Monday, January 2, 2012

On Deadly Ground (1994)

Steven Seagal asks the tough questions in this oil-tycoon, Alaskan Eskimo thriller. Yes, questions like "what does it take to change the essence of a man?," and "how much money is enough?" - all in his slightly urban youth, slightly Native, always slow and smooth, Seagal accent. 'How did Seagal's spiritual tendencies shine through as Forrest, the extra top-secret problem solver with a nasty attitude and vision quest memories of him wrestling a bear to death?,' you ask = Oh it's easy when Seagal gets to direct the piece. That's right, this is the action diva's directorial debut, rife with both morals and explosions, a perfect combination in any decade. 'But how did he get that gig?,' you press on...Well, in 1994, in the height of Seagal mania, Warner Bros. just couldn't say 'no' to an 'Under Siege 2,' even if it meant handing over the helm to the madman himself. Let's see....crunch some numbers here and...well, with the first Under Siege bringing in over $120 million in box office profits, I can see why they took the gamble. On Deadly Ground got a $50 million budget and lost $12 in the box office. But that $12 was gained back during the $45 million profit of Under Siege 2, leaving them with a tidy $33 million and rentals. Not bad, not great, and probably why Seagal couldn't grab another director's cap during his long and prodigious career. Oh well: he left us with this beauty, and we can always be grateful for that = Medicine man dances, mercenaries, ruthless oil tycoons, breathtaking shots of Alaska, dog sledding and dream sequences, Eskimos, stock footage lectures, titties (? Oh yes, even in Alaska!), bar fights, and explosions, explosions, explosions. Oh yeah, and that dreadful pipe cutter. Oef. It's true, the Eskimos probably aren't really Eskimos. And vision quests probably don't always involve hot, naked chicks. And even Steven Seagal probably can't survive being blown 500 feet from an oil rig explosion. But here, and now, please...just let me believe...I mean, seriously: the guy's a bonafide, real-life hero! Busting bad guys with the law on his side? = Check. Saving cute endangered wildlife? = Check. Getting blessed by Eastern holymen? = Check. He's even got a sexual harassment suit or two on his list! This is as real as it gets my friends!


















Besides, even R. Lee Ermey is a little bit scared.

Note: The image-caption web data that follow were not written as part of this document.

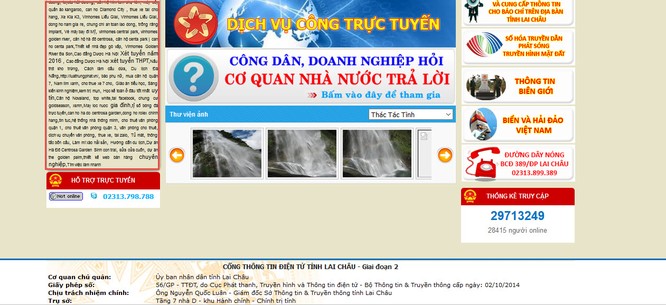 NÓNG: 12/63 Cổng thông tin điện tử tỉnh, thành bị gắn "link ẩn" ảnh 12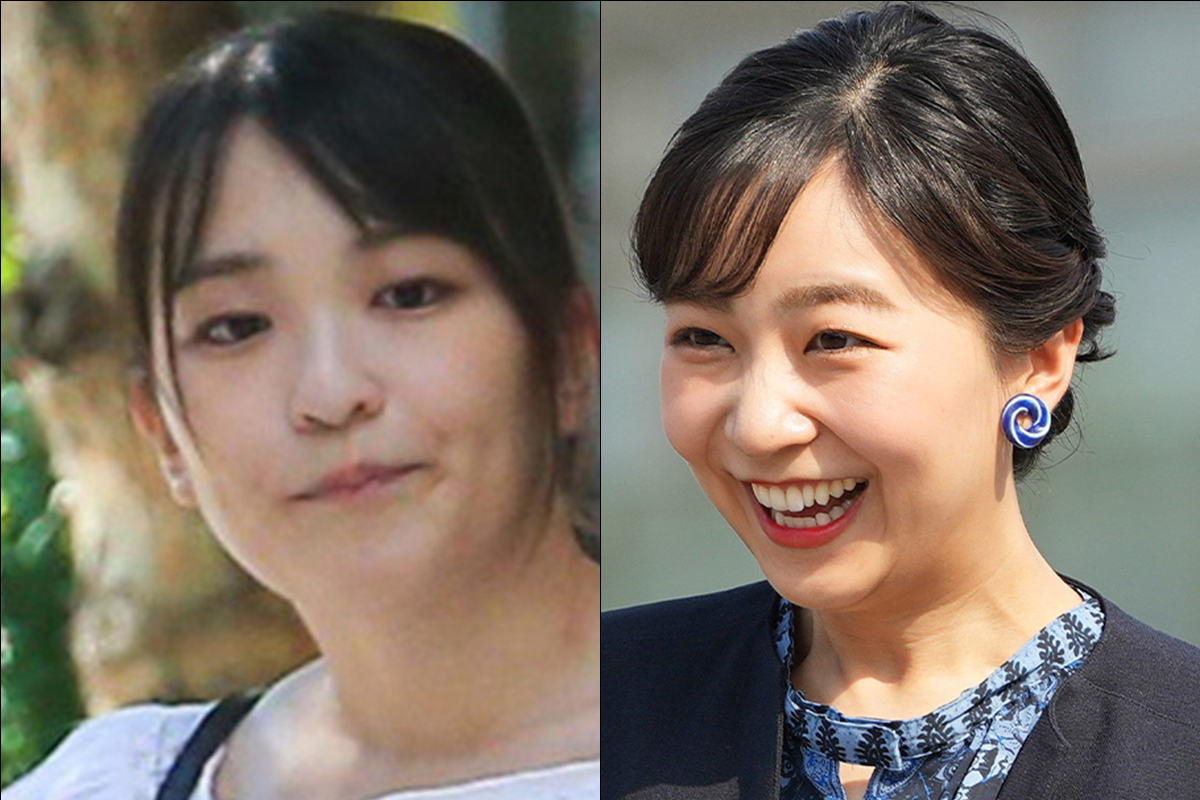 佳子 さま 姉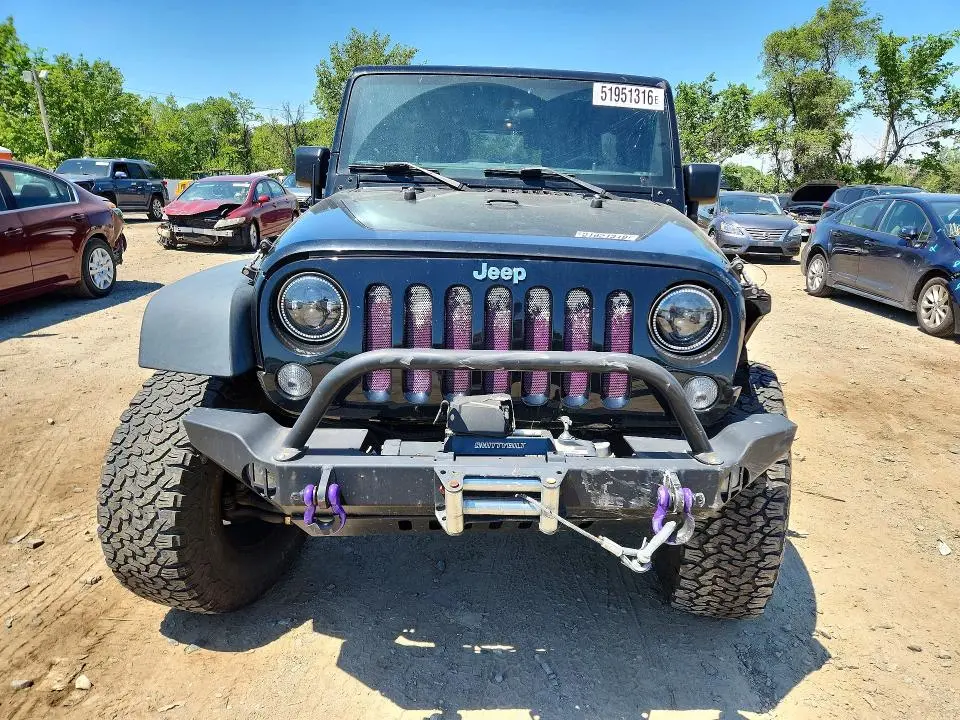 2016 JEEP WRANGLER SPORT  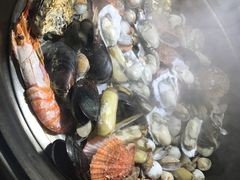 各种海鲜-船梆煮•蒸汽海鲜·炉火烤肉(五四广场店)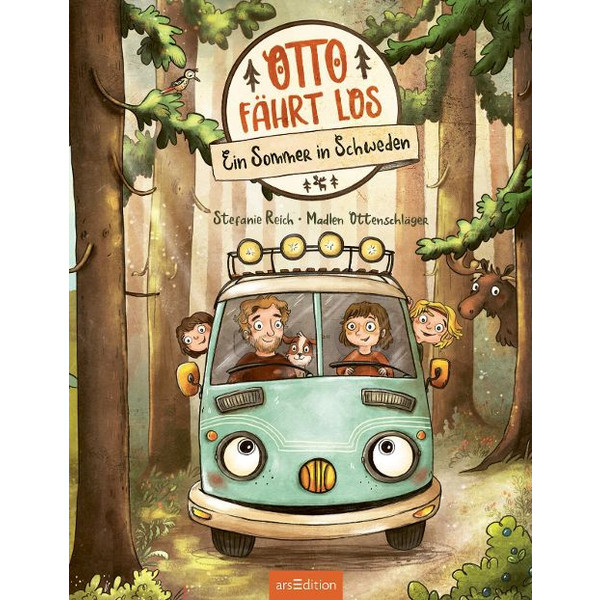 OTTO FÄHRT LOS! - Kinderbuch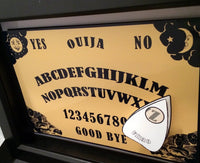 Ouija Board 3D Art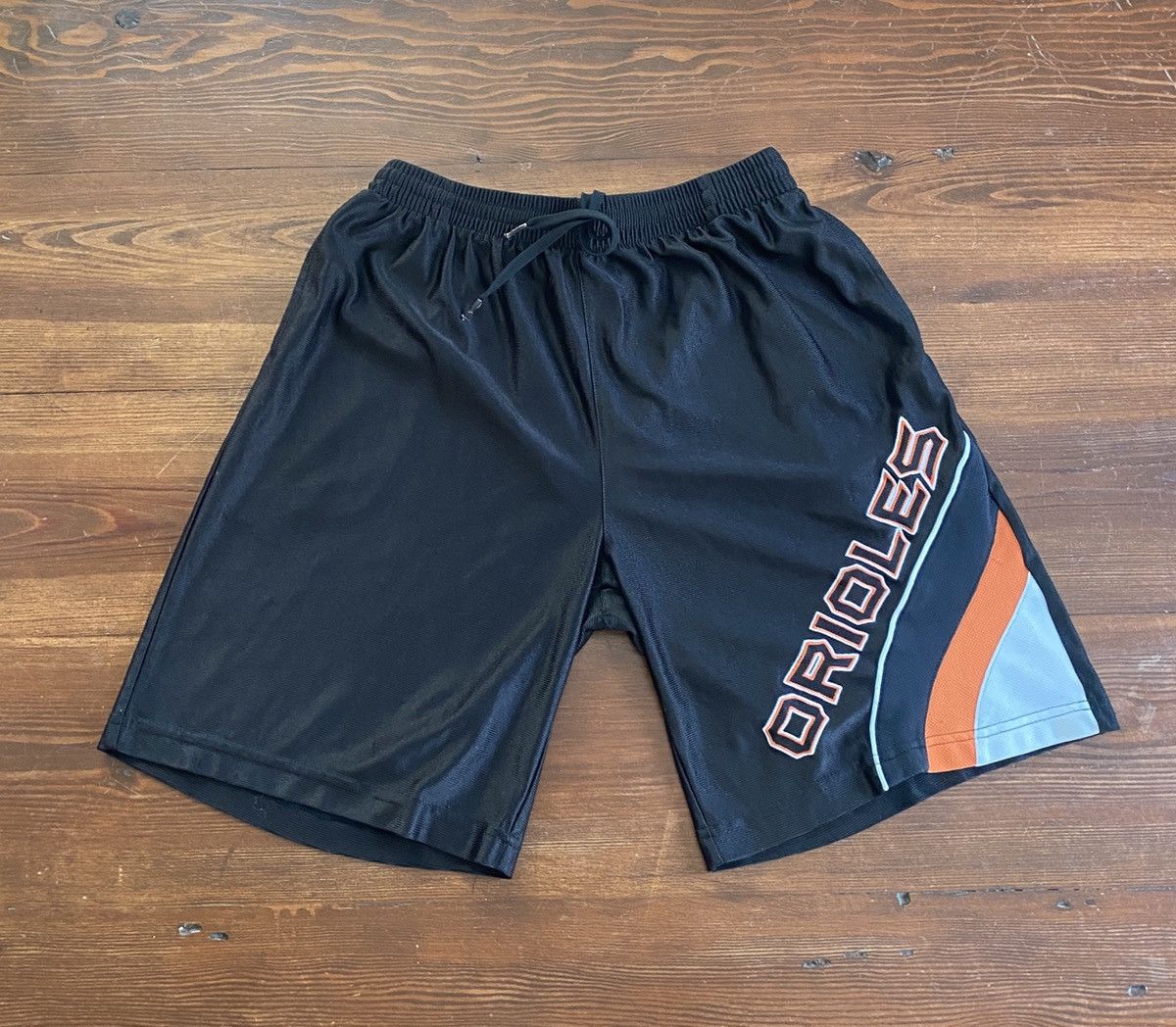 MLB Vintage 2001 Baltimore Orioles MLB Mesh Athletic Shorts Size US 34 / EU 50 - 1 Thumbnail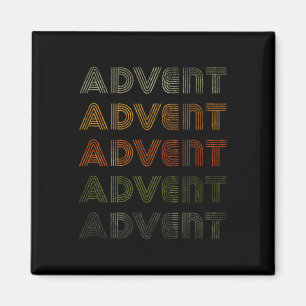 Love Heart Advent Tee Grunge Vintage Style Black A Magnet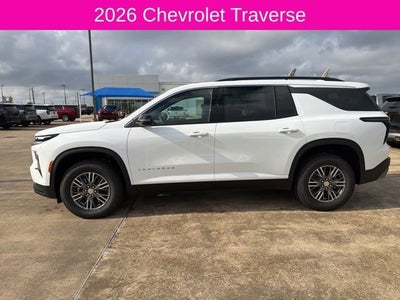 2026 Chevrolet Traverse LT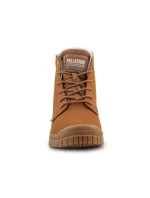 Topánky Palladium sp20 Cuff Leather Waterproof WL M 79067-257-M Mahogany Topánky Palladium sp20 Cuff Leather Waterproof WL M 79067-257-M Mahogany
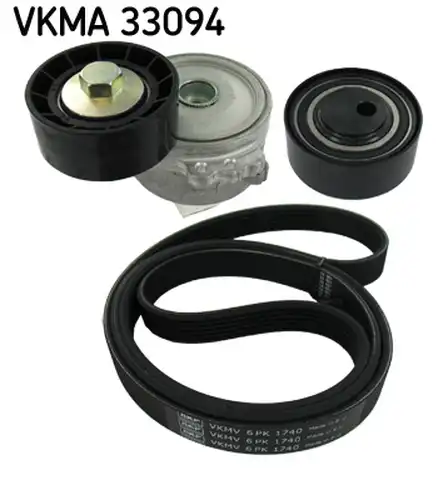 комплект пистов ремък SKF VKMA 33094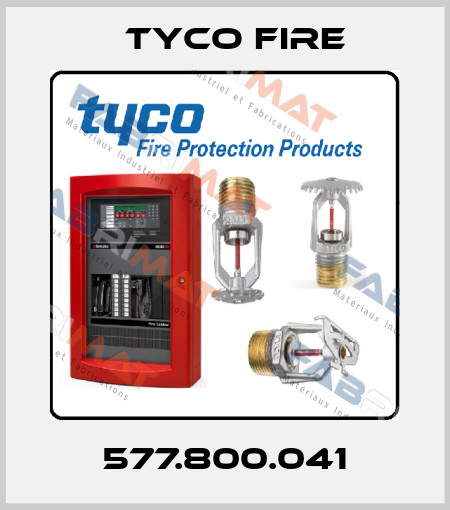 577.800.041 Tyco Fire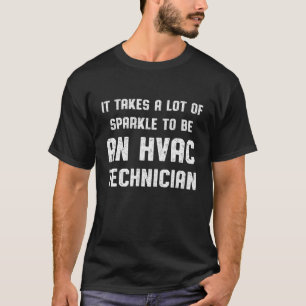 Camiseta Técnico HVAC Lot Funny HVAC Tech
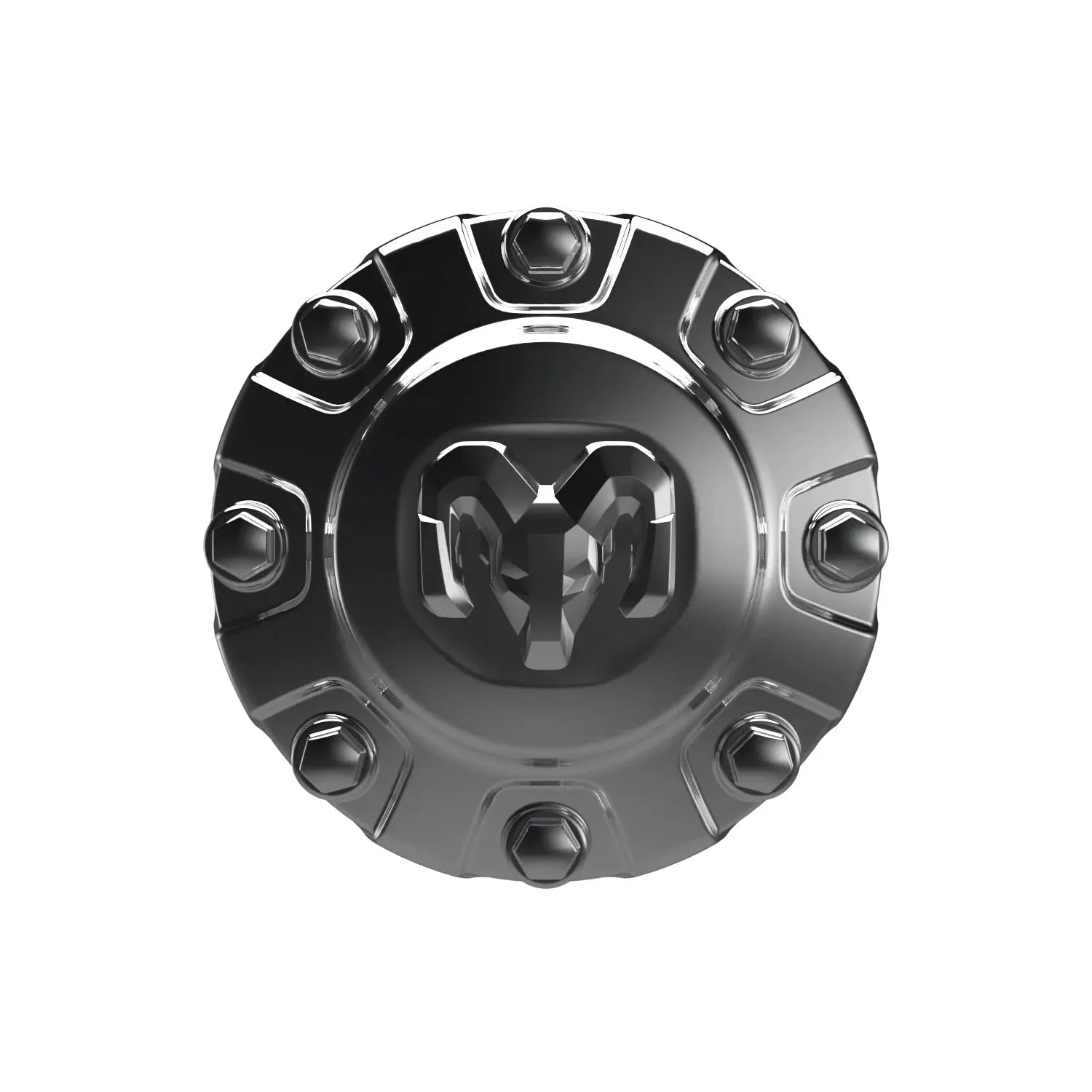 FANCHANTS Dodge Ram 3500 DRW (2019-2025) OEM Chrome Rear 6MP53SZ0AB Center Cap 6MP53SZ0AB/TRMAC/SZ0AC Complete Compatibility FANCHANTS China Auto Parts Wholesales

Throw in a dainty and well-manicured Sir Michael Caine, a completely useless Joan Chen, and a super-creepy John McGinley, and you've got yourself a 90's action movie. Even Billy Bob is in this flick, although I must admit that, even knowing that I forgot to notice him. Oh well (I just hope his psychic mother doesn't curse me!)...

And apparently Warner still has a lesson to be learned since they cut poor Seagal's 11 minute rant against gas companies down to a measly 5 minutes.





All in all, I must say this hit the spot like a hot salmon chowder on a cold Alaskan day. So thanks to Señor Salazar for the vehement recommendation.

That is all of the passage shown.